Да, он хотел уйти, но не мог, был намертво привязан к этой ветреной девчонке и не понимал, почему не способен излечиться от выматывающей, убивающей его страсти. Колдовского в ней было столько же, сколько ангельского, и для него не существовало, не могло существовать других женщин. Логинов знал, что чем-то раздражает её, не понимал чем и очень страдал. Это от любви до ненависти один шаг, а от раздражения до симпатии – пропасть. И ни пройти её, ни переехать.

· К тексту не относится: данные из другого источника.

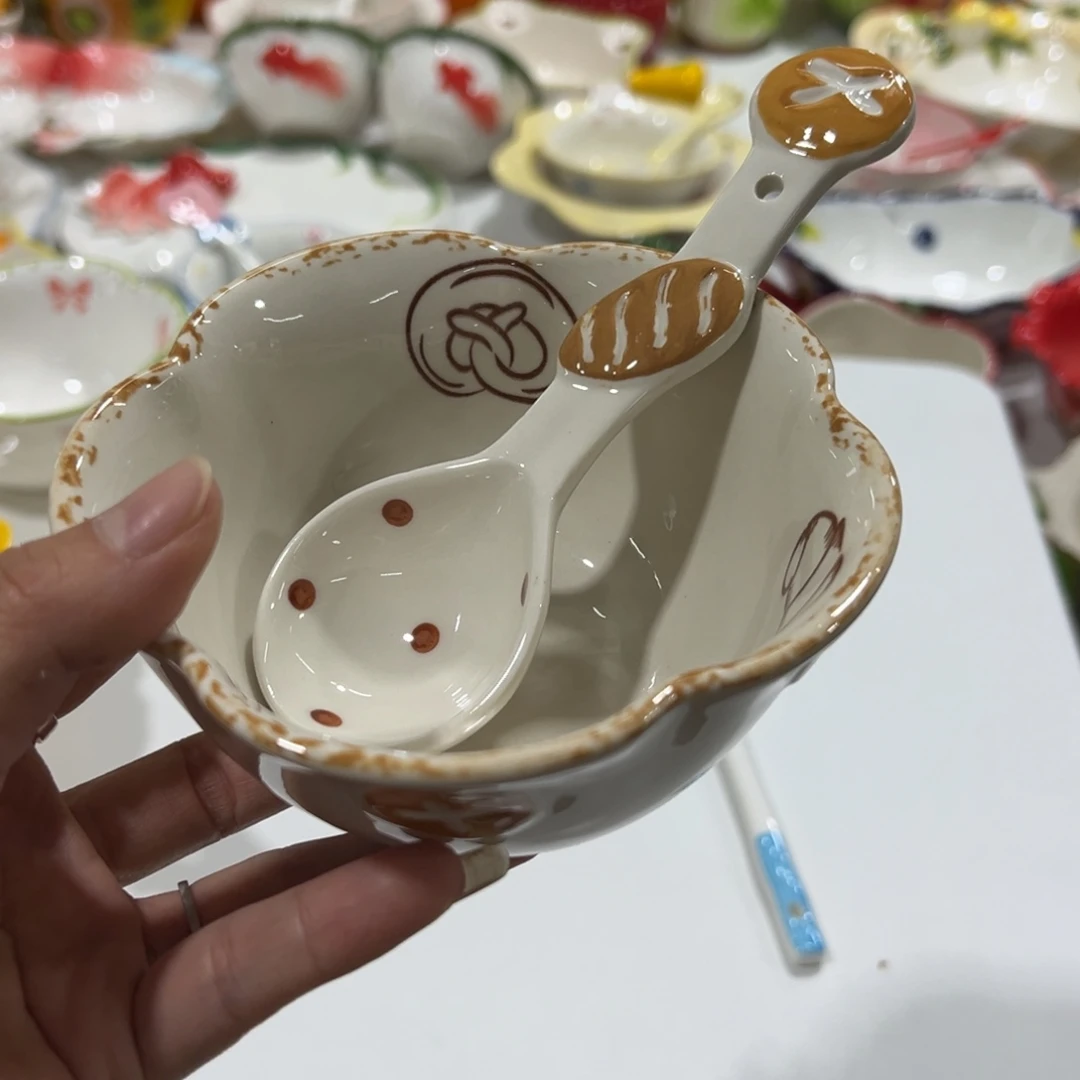 摆件高温陶瓷釉下彩微瑕！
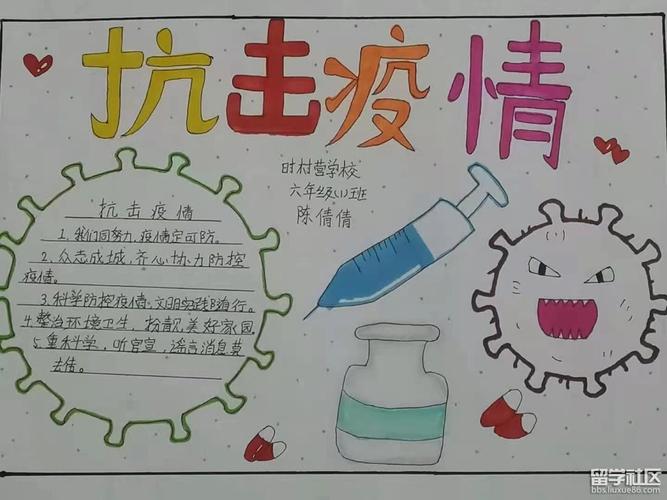 疫情一级响应手抄报 手抄报简单又好看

Логинов не сдавался. Настойчиво, с занудным постоянством ждал её часами в кафе, – а она могла вовсе не появиться; вышагивал под её окнами, как школяр, – а она, зная это, лениво задёргивала занавеску; доставал ей звезду с неба, жемчуг со дна моря, жар-птицу и Конька-горбунка – всё, что она желала, любой каприз, – а она подчас даже не удосуживалась вскрыть подарочную упаковку.
Логинов терпел. День, когда он понял, что больше не раздражает Марину, был самым счастливым за всю его жизнь. Нет, он пока ещё не любим и мечтать об этом не стоит, но в глазах любимой женщины он читал великую благость позволения быть рядом с ней. Без привычного равнодушия с её стороны, горечь которого он не смог забыть даже годы спустя.
В их первую ночь, когда она отдалась ему – небрежно, игриво, нарочито театрально зазывая его, так, что он был уверен: в любую минуту она остановится и скажет: «Я пошутила, Феликс. Ты что, поверил?» Он боялся быть вот так осмеянным, но желал её настолько сильно, что никакое возможное унижение не остановило бы его. Это произошло в загородном доме его друзей, уверенных, что Логинов с Мариной давным-давно пара. К этому моменту он делал Марине предложение выйти за него раз, наверное, десять. Каждый раз она отказывала, отказала и на этот.
Но Логинов не отступал. Их близость теперь стала еженедельной – по расписанию. Марининому расписанию. Логинову оставалось лишь подчиниться, и он радовался тому, что перешёл из категории «быть нелюбимым» в категорию «не быть любимым» – по сути своей это уже было огромной победой. Не спасительное лекарство, но и не яд, а хотя бы плацебо.
В ней всё было неправильно и оттого притягательно. При абсолютном музыкальном слухе Марина была патологически неспособна к иностранным языкам и даже к танцам. Декоративной косметикой она совсем не пользовалась, говорила, что ощущает себя грязной под слоем туши и пудры, но часами могла намазывать на себя все подряд пробники в магазине Tax free в ожидании задерживающегося рейса. Она никогда не пекла пироги, вообще терпеть не могла мучного, но с почти фанатичной дотошностью хорошей домохозяйки собирала рецепты булочек и кулебяк, отсортировывала их, подшивала в специальный альбом. Иногда она увлекалась диетами – всеми без разбора, сочетая их с изнурительными спортивными истязаниями тела, но при этом полнела с фантастической скоростью. Будто бы её чуткий метаболизм спешил восполнить гармонию несоответствия всем на свете стандартам.